The relation between truth and fiction is as important in Lucian’s writings as that between history and truth. Marsh sums it up as follows:
. . . [Lucian’s writings] insist repeatedly on the contrast between truth, alētheia, and falsehood, pseudos. This is evident from his choice of titles like Alēthē diēgēmata [“A True History”], Philopseudeis (The Lover of Lies), Alexandros ē Pseudomantis (Alexander the False Prophet), Pseudologistēs (The Mistaken Critic), and Pseudosophistēs ē Soloikistēs (The Sham Sophist or The Solecist). Nearly all these titles speak of shams and liars, but in them Lucian is urging a veracious critique . . . By contrast, when he titles a work [“A True History”], he confesses that it contains nothing but lies. (182)
But “A True History” is not “nothing but lies”—it, too, is a veracious critique delivered in the form of a satire, as I have been trying to argue. It is unique in its achievement, and Lucian is aware of this:
It would be suitable recreation for [students of literature] to occupy themselves with the kind of reading which not only affords simple diversion derived from elegance and wit, but also supplies some intellectual food for thought––just the qualities I think they will find in this work of mine. For they will be attracted not only by the exotic subject-matter and the charm of the enterprise, and by the fact that I have told all manner of lies persuasively and plausibly, but because all the details in my narrative are an amusing and covert allusion to certain poets, historians, and philosophers of old, who have written a lot of miraculous and fabulous stuff. (203; sec. 2)

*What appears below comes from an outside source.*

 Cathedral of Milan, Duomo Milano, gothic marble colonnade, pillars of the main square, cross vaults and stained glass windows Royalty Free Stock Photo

Thus, Lucian’s text is simultaneously entertaining and thought-provoking; it poses as a serious example of history, which, ironically, due to the very irony pervading the narrative, allows it to become a serious study of the nature of writing history.
Finally, Lucian satirizes because this is what he knows to do; this is how he knows not to be useless. At the end of “How to Write History”, he writes that history should be written with:
. . . truthfulness and a regard for future hopes, rather than with flattery aimed at getting pleasure out of present praise. Here is your rule and standard for writing impartial history. If any will make use of it, that is all to the good, and my work has served its purpose. If not, I’ve rolled my wine-jar in Craneion. (202; sec. 63)
Throughout “A True History”, Lucian is still rolling his wine-jar, but just in a different fashion. He innovates in this respect as well; but both “How to Write History” and “A True History” are equally compelling and intriguing texts, demonstrating his wine-jar rolling skills up and down the paths. One must imagine Lucian happy.
Notes
[i] Herodotus, in his Histories, for example, often records extraordinary details and claims that they are merely narratives; he usually declares that they are not inferences derived from firsthand experiences, but rather information provided to him by others. At other times, he fails to do so.
[ii] See Graham Anderson, Studies in Lucian’s Comic Fiction. Mnemosyne, supplement 43, E. J. Brill, 1976c, pp. 1-11.
[iii] Book 1 and Book 2 respectively inspired Jonathan Swift and Thomas More, according to Marsh; his chapter primarily deals with charting the influence of Lucian’s fantastic voyage on later writers like Thomas More, François Rabelais, Jonathan Swift, Edgar Allan Poe, and a few others.
[iv] Consider the ethnographies by various historians, up to Lucian’s time, for example.
[v] This came to me in a waking fantasy.
Works Cited
Adams, Douglas. “Life, the Universe and Everything.” The Ultimate Hitchhiker’s Guide to the Galaxy, The Random House Publishing Group, 2002, Chapter 7, pp. 350-352.
Herodotus. The Histories. Translated by Walter Blaco, W. W. Norton and Company, 1992.